» What is needed: Return each line of the listing below, unchanged, and omit the images.

» Records provided:
--

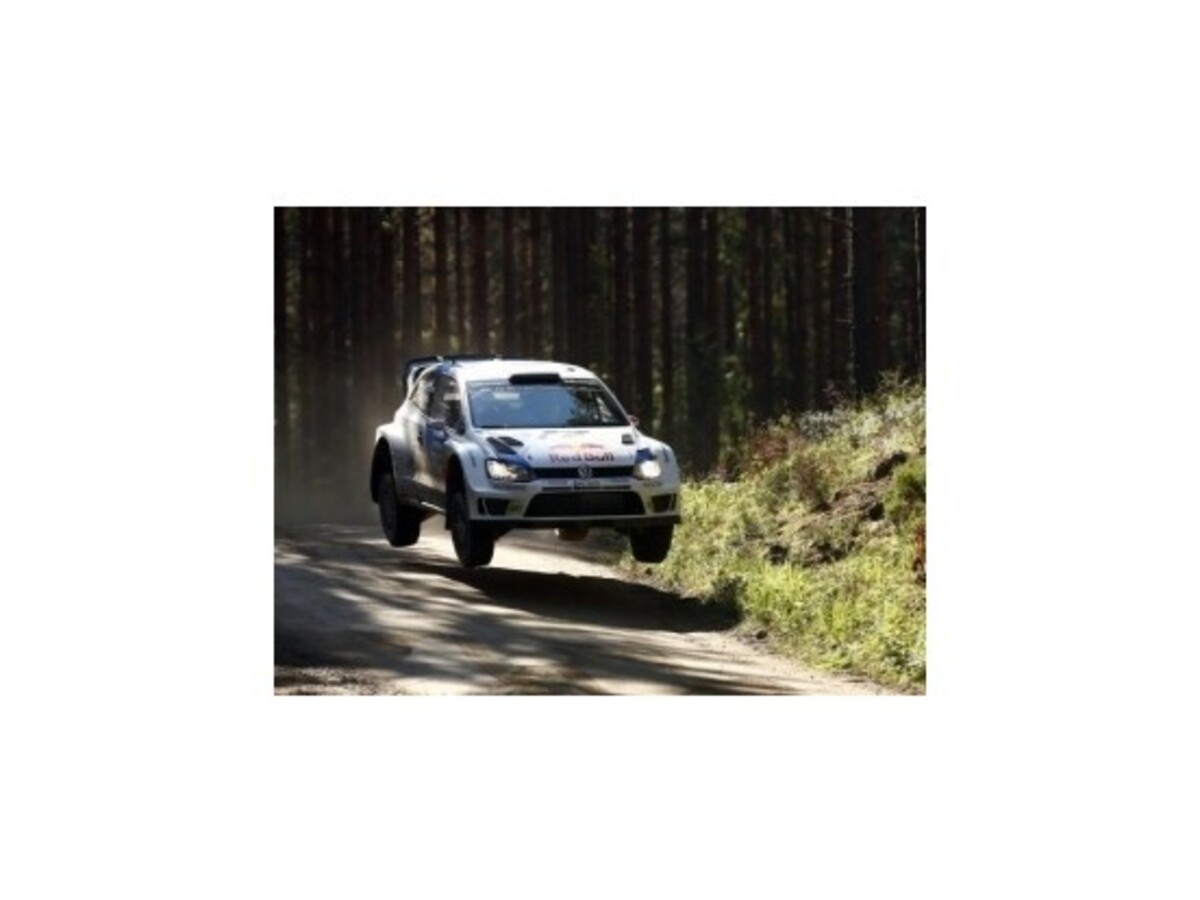 Latvala lídrom Rely Fínska, Koči prvý medzi juniormi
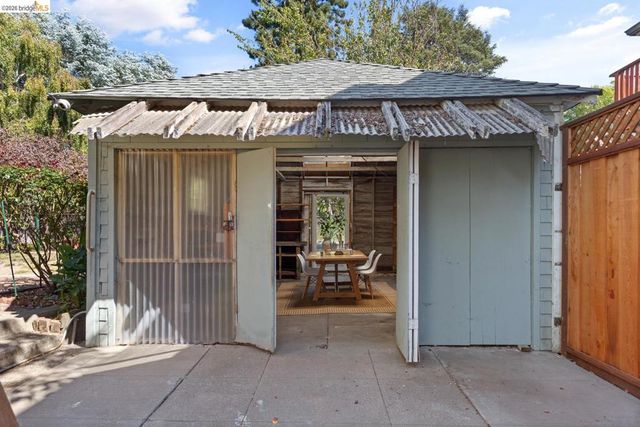 2833 Regent St, Berkeley, CA 94705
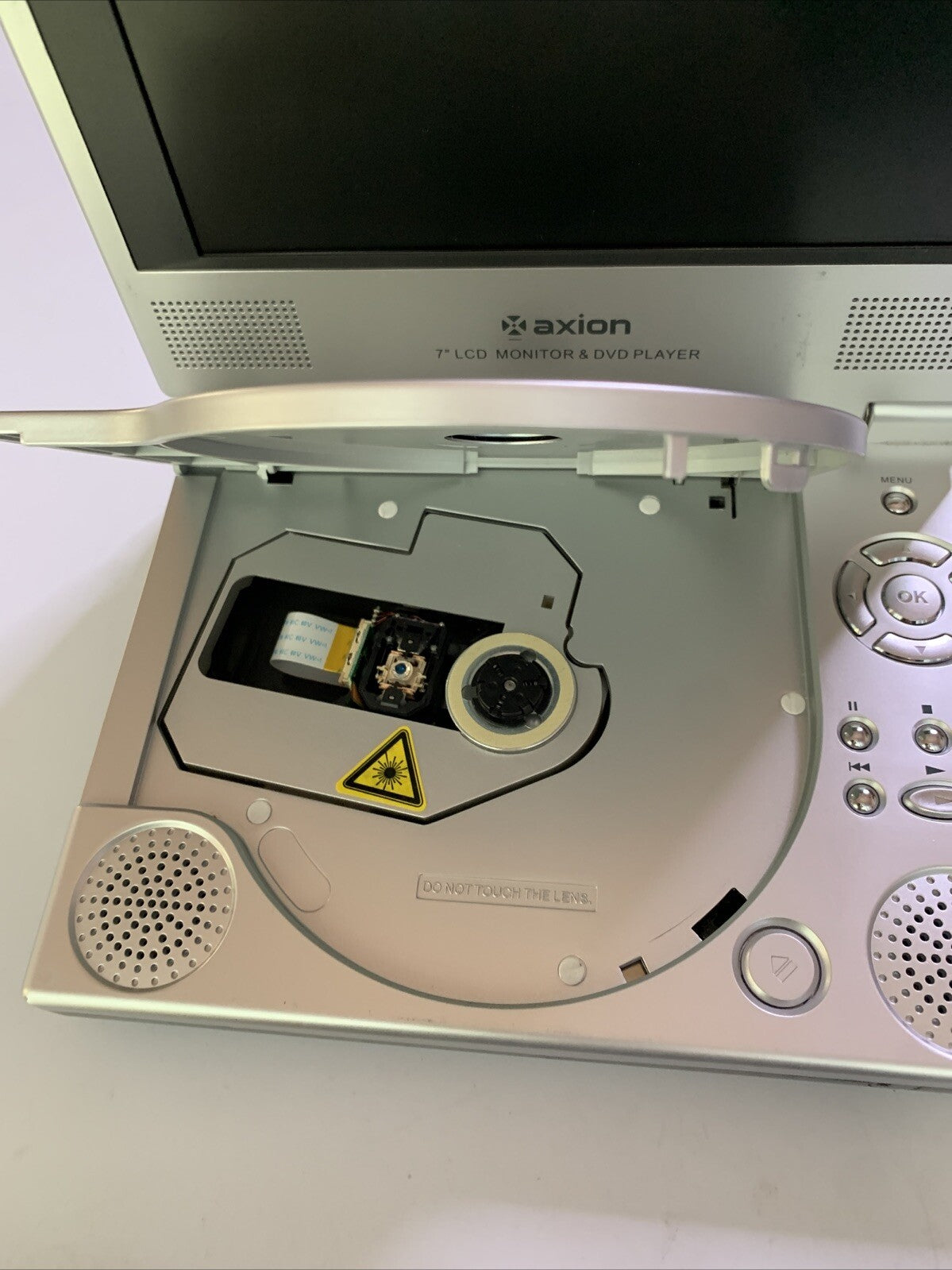 Axion 7” LCD Monitor & DVD Player With Power Supply Region 3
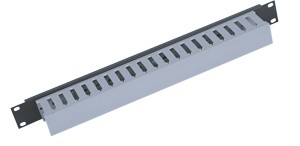 Triton 19"zbh.Kabelführungsplatte 1HE,mit Kanal,Schwarz/Grau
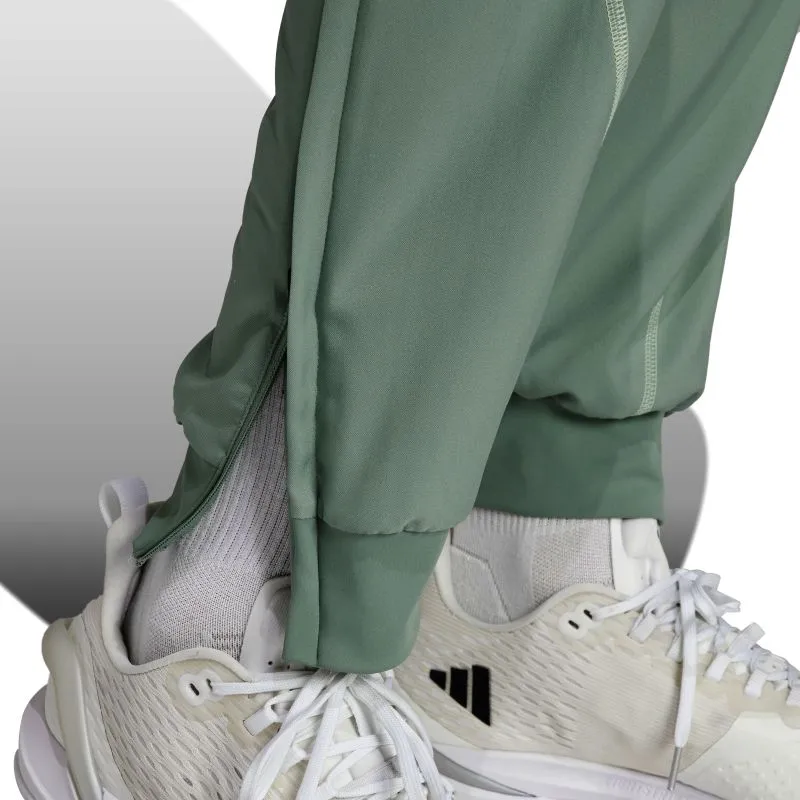 IS8961_7_APPAREL_On-Model_Detail-View-2_white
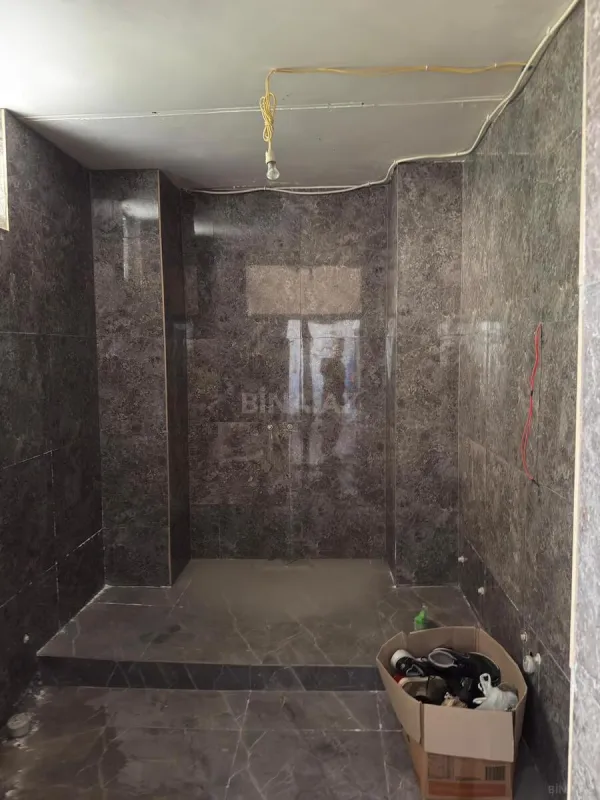 Satılır həyət evi 425 m²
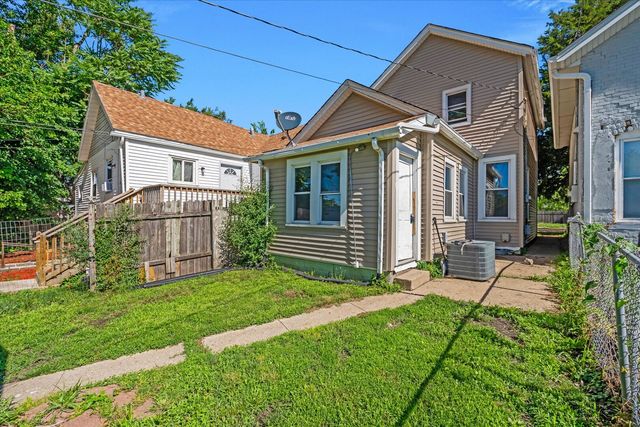 1125 W 5th Street, Davenport, IA 52802
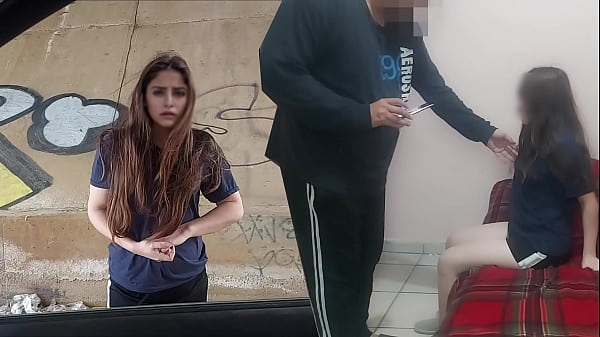 Image AY ME DUELE! PEQUE&Ntilde_A e INOCENTE morrita putipobre de colonia marginal se va con un viejo por ayuda econ&oacute_mica, casero real no fake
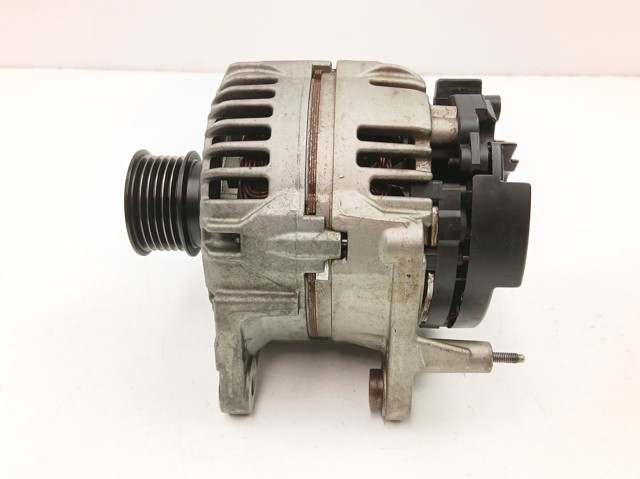 VAG 037903025M Alternador  en stock Valencia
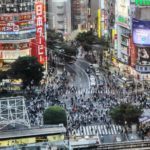 Riesige Kreuzung im Herzen von Tokyo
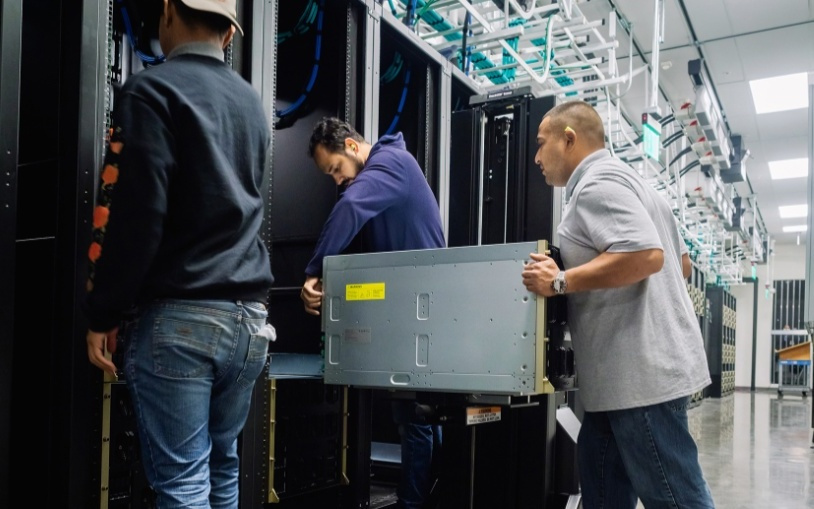 黄仁勋罕见发文：AI是这个重塑世界的重要力量，是电力、互联网一样的基础设施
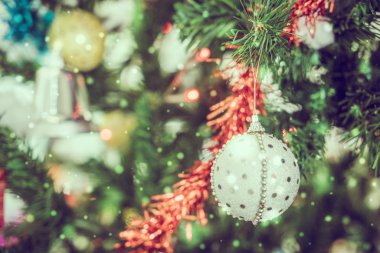 Ağaçta noel süsü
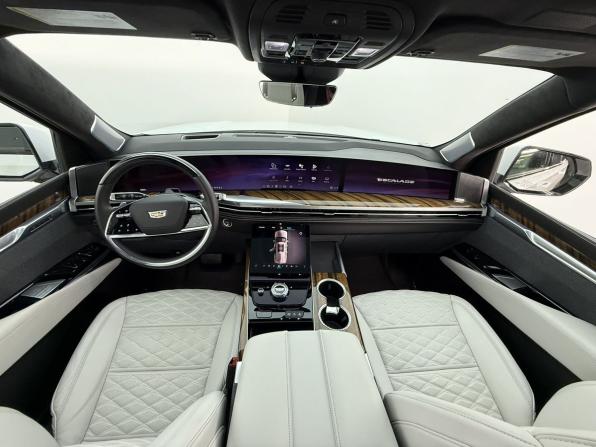 Cadillac Escalade V Рестайлинг с пробегом 2024 года, цена 17 510 000 рублей, 6803 км, внедорожник, Автокод Объявления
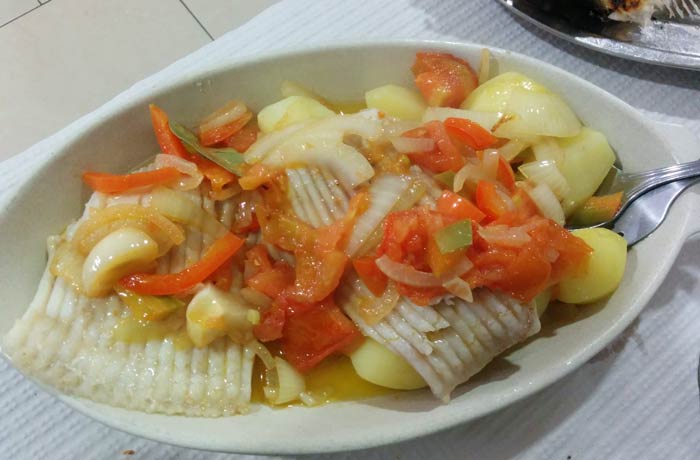 Raya al estilo pescador del restaurante Casa Figueiras comer en Furadouro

--

» Answer below:
 Latvala lídrom Rely Fínska, Koči prvý medzi juniormi
 2833 Regent St, Berkeley, CA 94705
 Axion 7” LCD Monitor & DVD Player With Power Supply Region 3
 Triton 19"zbh.Kabelführungsplatte 1HE,mit Kanal,Schwarz/Grau
 IS8961_7_APPAREL_On-Model_Detail-View-2_white
 Satılır həyət evi 425 m²
 1125 W 5th Street, Davenport, IA 52802
 Image AY ME DUELE! PEQUE&Ntilde_A e INOCENTE morrita putipobre de colonia marginal se va con un viejo por ayuda econ&oacute_mica, casero real no fake
 VAG 037903025M Alternador  en stock Valencia
 Riesige Kreuzung im Herzen von Tokyo
 黄仁勋罕见发文：AI是这个重塑世界的重要力量，是电力、互联网一样的基础设施
 Ağaçta noel süsü
 Cadillac Escalade V Рестайлинг с пробегом 2024 года, цена 17 510 000 рублей, 6803 км, внедорожник, Автокод Объявления
 Raya al estilo pescador del restaurante Casa Figueiras comer en Furadouro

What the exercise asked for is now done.